In a study of 203 male and female university students, participants with short (308–325 bp) vs. long (327–343) versions of RS3 were less generous, as measured by lower scores on both money allocations in the dictator game, as well as by self-report with the Bardi-Schwartz Universalism and Benevolence Value-expressive Behavior Scales; although the precise functional significance of longer AVPR1A RS3 repeats is not known, they are associated with higher AVPR1A postmortem hippocampal mRNA levels.

Relative to all other alleles, the 334 allele of RS3 shows overactivation of left amygdala (in response to fearful face stimuli), with longer variants of RS3 additionally associated with stronger amygdala activation.

=== RS1 ===

The AVPR1A repeat polymorphism RS1 is a (GATA)14 tetranucleotide repeat that is 553 bp upstream from the transcription start site. Allele 320 in RS1 is associated with increased novelty seeking and decreased harm avoidance; additionally, relative to all other alleles, the 320 allele of RS1 showed significantly less activity in the left amygdala, with shorter variants showing a trend of stronger activity.

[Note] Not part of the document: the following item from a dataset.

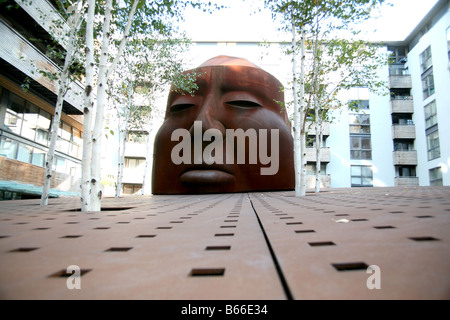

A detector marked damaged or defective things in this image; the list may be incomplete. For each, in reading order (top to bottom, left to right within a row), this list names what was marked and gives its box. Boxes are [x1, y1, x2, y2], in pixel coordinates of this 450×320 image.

rusted metal face [153, 56, 298, 194]
rusty metal platform [0, 186, 448, 298]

=== Other microsatellites ===

The AGAT polymorphism is associated with age of first intercourse in females, with those homozygous for long repeats more likely to have sex before age 15 than any other genotype. However, there is no evidence of preferential transmission of AVPR1A microsatellite repeats to hypersexual or uninhibited people-seeking.

Polymorphisms in AVPR1A have also been shown to be associated with social interaction skills, and have been linked to such diverse traits as dancing and musical ability, altruism and autism.

Chimpanzee populations have individuals with single (only (GT)25 microsatellite) and duplicated (the (GT)25 microsatellite as well as the RS3) alleles, with allele frequencies of 0.795 and 0.205, respectively.